Deep learning is only a computer vision tool, not a cure for all diseases. Do not use it blindly because of the popularity. Traditional computer vision techniques can still show their talents. Understanding them can save you a lot of time and troubles; and mastering traditional computer vision can really make you do better in deep learning. This is because you can better understand the internal conditions of deep learning and perform pre-processing steps to improve deep learning results.
The inspiration for this article also comes from a common question in the forum:
Has deep learning replaced traditional computer vision?
Or to say something else:
Since deep learning seems so effective, is it still necessary to learn traditional computer vision techniques?
This question is very good. Deep learning has indeed revolutionized computer vision and artificial intelligence. Many problems that once seemed to be difficult, now machines can be better than human beings. Image classification is the best evidence. Indeed, as previously mentioned, deep learning has the responsibility to incorporate computer vision into the industry landscape.
But deep learning is still only a tool for computer vision, and it is obviously not a panacea for solving all problems. Therefore, this article will elaborate on this. In other words, I will explain why traditional computer vision technology is still very useful and worthy of our continued learning and teaching.
This article is divided into the following sections/arguments:
Deep learning requires big data
Deep learning will sometimes be overdone
Traditional computer vision will increase your level of deep learning
Before entering the text, I think it is necessary to explain in detail what is "traditional computer vision", what is deep learning, and its revolutionary nature.
background knowledge
Before deep learning occurs, if you have a job such as image classification, you will perform a step called "feature extraction" processing. The so-called "feature" is the "interesting", descriptive, or small part of the information provided in the image. You will use a combination of what I call "conventional computer vision technology" in this article to find these features, including edge detection, corner detection, object detection, and so on.

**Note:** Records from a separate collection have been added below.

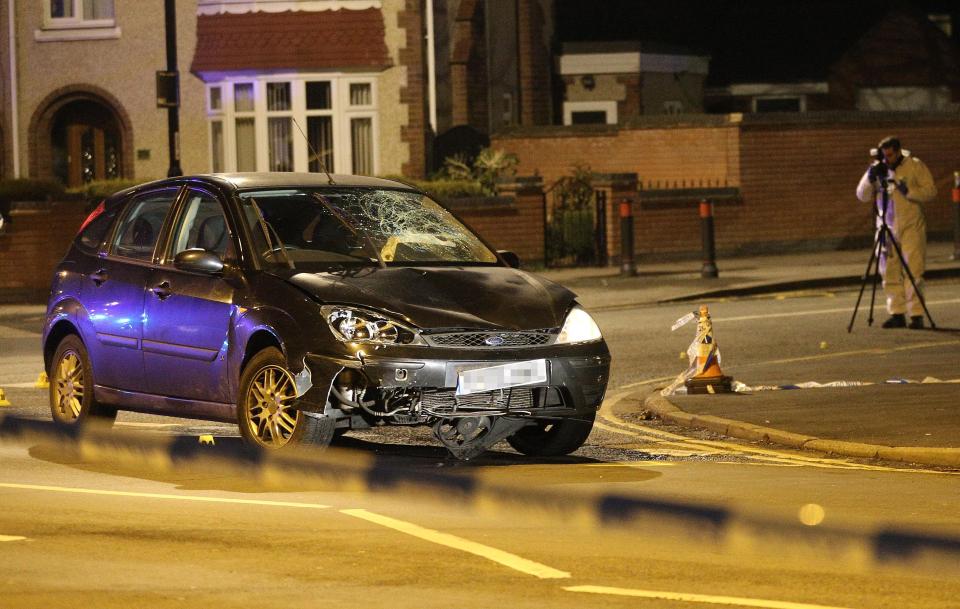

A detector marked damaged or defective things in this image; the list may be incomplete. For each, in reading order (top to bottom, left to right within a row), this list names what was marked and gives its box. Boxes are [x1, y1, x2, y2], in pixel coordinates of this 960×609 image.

damaged car [43, 173, 608, 458]
shattered windshield [239, 188, 498, 268]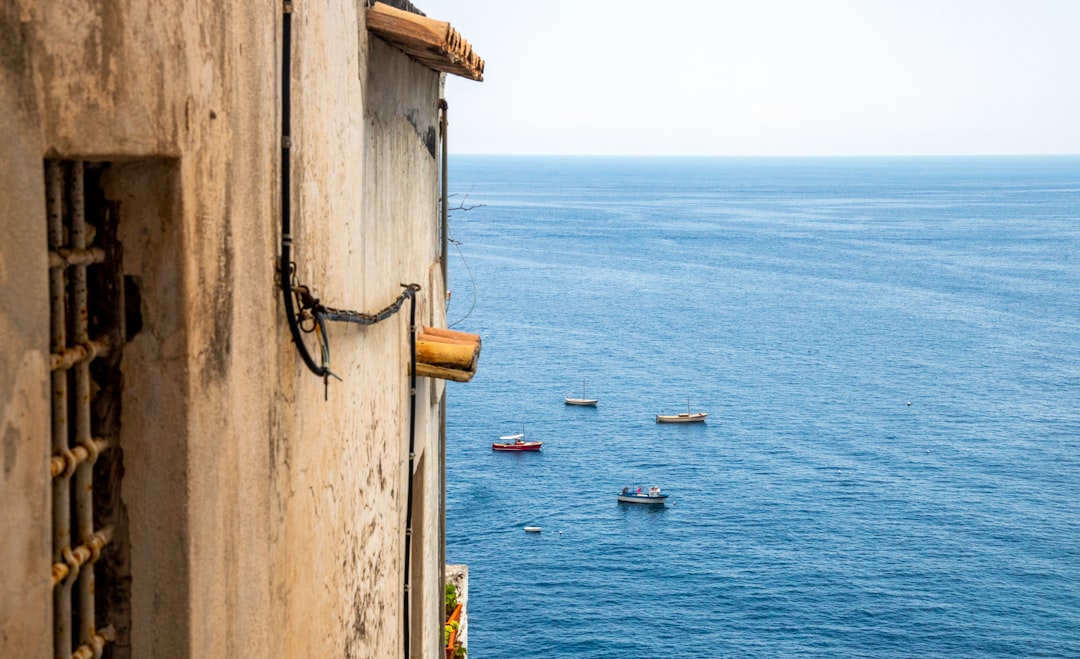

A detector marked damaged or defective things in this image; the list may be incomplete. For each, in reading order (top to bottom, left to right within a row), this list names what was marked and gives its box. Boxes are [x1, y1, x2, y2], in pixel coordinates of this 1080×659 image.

rusty iron bar [49, 246, 106, 270]
rusty iron bar [47, 160, 73, 659]
rusty iron bar [49, 438, 112, 480]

When using these techniques related to feature extraction and image classification, as many features as possible are extracted from the images of a class of objects (eg, chairs, horses, etc.) and are considered as "defines" for such objects. "(called "word bag"). Next you search for these "definitions" in other images. If there is a significant portion of the feature in the bag of words in another image, the image is classified as containing the classification of that particular object (eg, chair, horse, etc.).
The difficulty with this feature extraction method for image classification is that you must choose which features to look for in each image. As the number of categories you are trying to distinguish starts to grow, say, more than 10 or 20, it becomes very cumbersome and even difficult to achieve. Are you looking for corner points? edge? Still texture information? Different categories of objects are best described by different types of features. If you choose to use a lot of features, you have to deal with a lot of parameters, but also need to fine-tune it yourself.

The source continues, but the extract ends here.